Croisière imaginaire jusqu’en 1985, le « Völkerfreundschaft », un paquebot de plaisance est-allemand a emmené en croisière, de RDA en URSS, des ouvriers méritants, des syndicalistes militants et des privilégiés du régime. Univers clos naviguant sur des mers étrangères, cette « Amitié des peuples » reproduisait en son sein, les contradictions et les aspirations d’un mode de vie en pleine transformation. Véritable lieu hors du temps, il voyait se confronter en d’étonnants contrastes, vies quotidiennes, rêves d’ailleurs et devenait historique. Car ces voyages faisaient se côtoyer des goûts de luxe mâtinés de farniente, une certaine idée de liberté propre aux évasions au long cours et des impératifs idéologiques radicalement étrangers à ce genre de situation. Ulrike Knorr a décidé, dans son nouveau documentaire, de nous raconter l’aventure de ces croisières. Pour se faire, elle filme un voyage imaginaire, se déroulant de nos jours sur un bateau de croisière, et au cours duquel, elle invite à bord souvenirs et témoignages évoquant l’époque du « Völkerfreundschaft », mêlant temps et récits singuliers en un chassé-croisé fait de poésie pointilliste et de nostalgie. Elle construit son film à partir d’une dérive temporelle mélangeant des vues des passagers du navire d’aujourd’hui et des extraits de films d’amateurs tournés lors de ces croisières. Ainsi, comme enchâssé dans un présent qui fait sens, surgit un passé déjà lointain et qui nous parle avec un charme naïf d’une époque révolue. Rythmées par de splendides plans de mer dégageant un sentiment d’immensité qui touche à l’éternité, ces images de repas dans des salons luxueux, de séances de bronzage décontractées, de jeux de pont se terminant en fêtes bon enfant prennent une dimension historique où ce qui se
devine et se comprend relève du hors champ et du non-dit. C’est par touches impressionnistes qu’Ulrike Knorr nous conduit, comme sans y toucher, à penser les limites et les tensions d’une époque, sa charge émotive comme ses contradictions.

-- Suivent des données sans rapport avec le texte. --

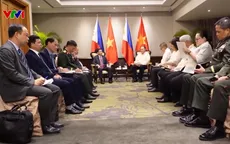Việt Nam - Philippines tăng cường hợp tác quốc phòng, an ninh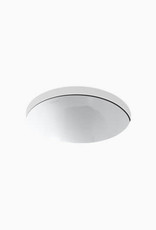 Kohler Kohler Compass Undermount/Drop-in Bathroom Sink White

Des fragments de journaux de bord tenus par les employés du bateau et lus en voix off viennent éclairer ces scènes de vacances. Et ici encore le récit de circonstance, l’anecdote sans prétention l’emportent sur l’analyse ou le commentaire critiques. Jusque dans ses interviews de quelques participants ou de certains marins, Ulrike Knorr privilégie la relation personnelle, empruntant le chemin du souvenir, laissant ainsi au spectateur un espace libre pour son propre récit. Et c’est peut-être ici que son film ne va pas jusqu’au bout de sa proposition, et ne trouve pas totalement la justesse qui organise souvenirs et œuvre de mémoire. L’équilibre difficile entre la dimension anecdotique des souvenirs et cette tension à l’universel que met en branle la mémoire cinématographique, demande une rigueur de construction que la disparité des matériaux employés a tendance à brouiller. Cela dit le travail d’ Ulrike Knorr a ces qualités de regard et d’écriture qui font les vrais cinéastes. Et si la croisière qu’elle nous propose atteint de justesse les rives pressenties, les aléas du voyage nous restent  comme autant de moments vrais qui fondent une émotion et nous emportent.